[RFC] Code generation for RISC-V V-extension

Hi all,

(I uploaded a PDF rendered of this email just in case some of its sections are difficult to read
https://pm.bsc.es/~rferrer/tmp/rfc-vector-code-generation.pdf )

This is a RFC on the strategy we have been developing at the Barcelona Supercomputing Center (BSC) to generate code for the RISC-V V-extension.

We (BSC and SiFive) have prepared a very first patch showing the strategy explained in this email, found here

Feedback is very welcome as we see this change as a foundation on which to build the rest of the V-extension codegen support.

Introduction

The V-extension of RISC-V brings vector computation capabilities to the RISC-V ecosystem. The full details of the ISA specification are found here: https://github.com/riscv/riscv-v-spec This proposal is based on draft version 0.9 found at https://github.com/riscv/riscv-v-spec/releases/tag/0.9.

The V-extension is rather flexible so it is difficult to summarize it in an reasonably sized email.
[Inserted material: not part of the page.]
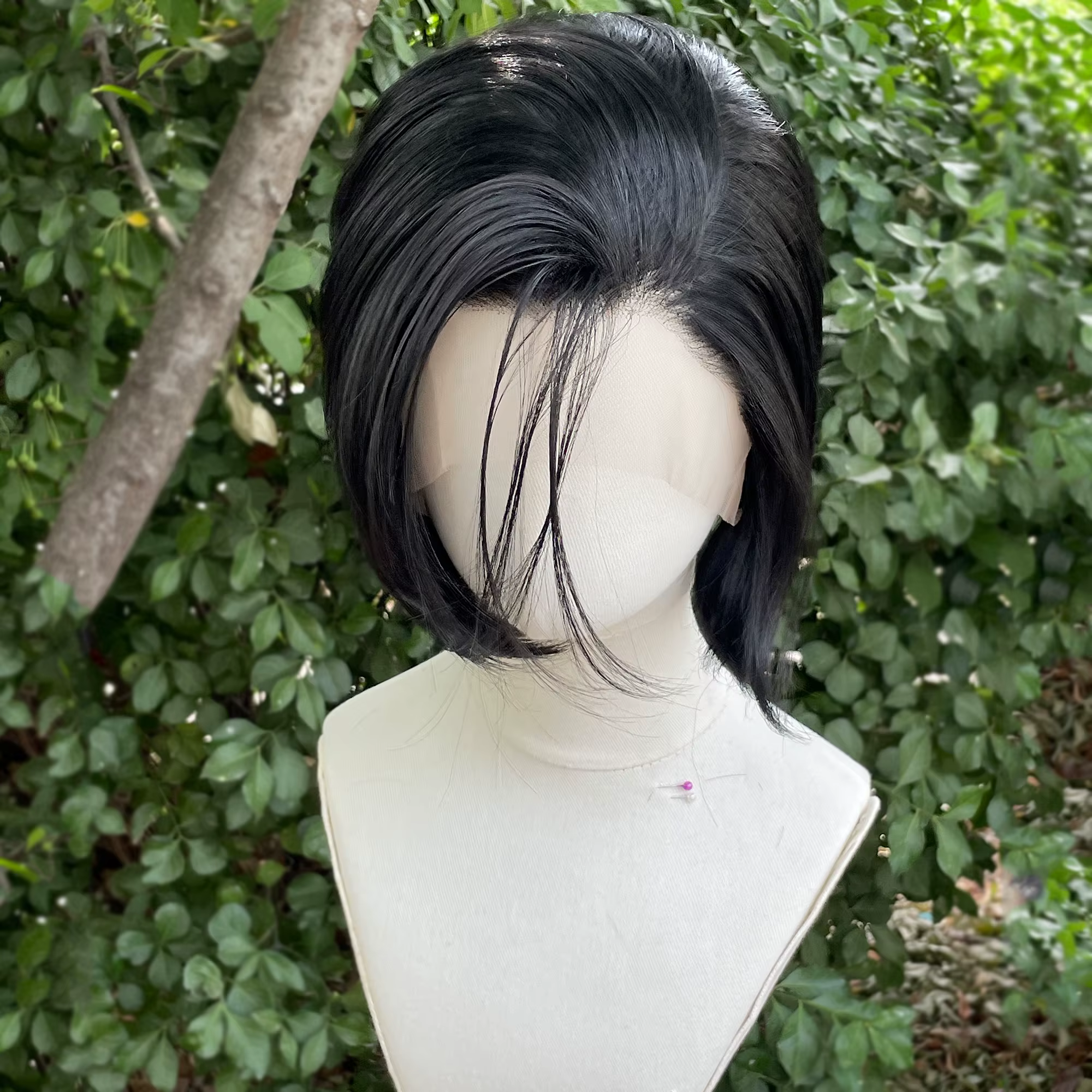 # Perruque Lace Front Wig synthétique courte noire de jais, perruque de Cosplay pour hommes et femme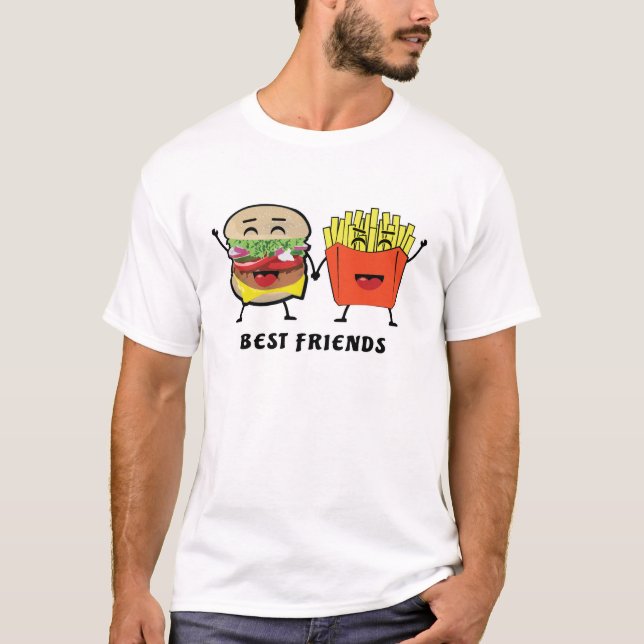 Bästa vänner - Burger och pommes frites - Roligt  T Shirt (Framsida)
Please refer to the above specification for all the details. I’ll try to describe here all the features that are relevant for code generation.

The ISA provides 32 vector registers v0,v1, …, v31. The size in bits of each vector register is an implementation-specific parameter called VLEN and must be a power of two. Vector registers are partitioned (i.e. densely packed) in elements whose size in bits is a power of two, ranging from 8 to ELEN. ELEN is also a power of two and ELEN<=VLEN.

Due to encoding constraints, not all the operands of a vector operation are encoded in the instructions themselves. Two CSR (control and status registers) are used instead:

  • vl: the number of elements being operated, called the vector length. A vector instruction will operate the elements 0 to vl-1
  • vtype: the vector type. This register encodes the element size of the operation, called the standard element width (sew) and a vector grouping mechanism called the length multiplier (lmul)

The length multiplier (lmul) can take values 1, 2, 4, 8, 1/2, 1/4, 1/8.

  • When lmul=1 the vector instructions operate on the (32) vector registers.
  • When lmul>1 the vector instructions operate on vector groups (see below) encoded in the instruction using the lowest numbered vector register of the group.
  • When lmul<1 the vector instructions operate on the lowest half, quarter or eighth of a vector register.

A vector group of size lmul>1 is the set of consecutive vector registers v{lmul*i}, v{lmul*i+1}, … , v{lmul*(i + 1) - 1}. So

  • lmul=2 has 16 groups: v0, v2, v4, v6, …, v24, v26, v28, v30
  • lmul=4 has 8 groups: v0, v4, v8, v12, v16, v20, v24, v28
  • lmul=8 has 4 groups: v0, v8, v16, v24

For instance, under lmul=4, a vector group v4 operand includes vector registers v4, v5, v6 and v7 as if they had been concatenated as a four times larger vector register. lmul is useful to align the number of elements in vector codes whose element sizes are different (say when combining vectors of 32- and 64-bit elements) or when doing widenings (zero, sign or fp extensions) or narrowings (truncations).

A program must ensure that both vl and vtype have the correct values for a vector operation before executing a vector instruction. This is done using the vsetvli instruction.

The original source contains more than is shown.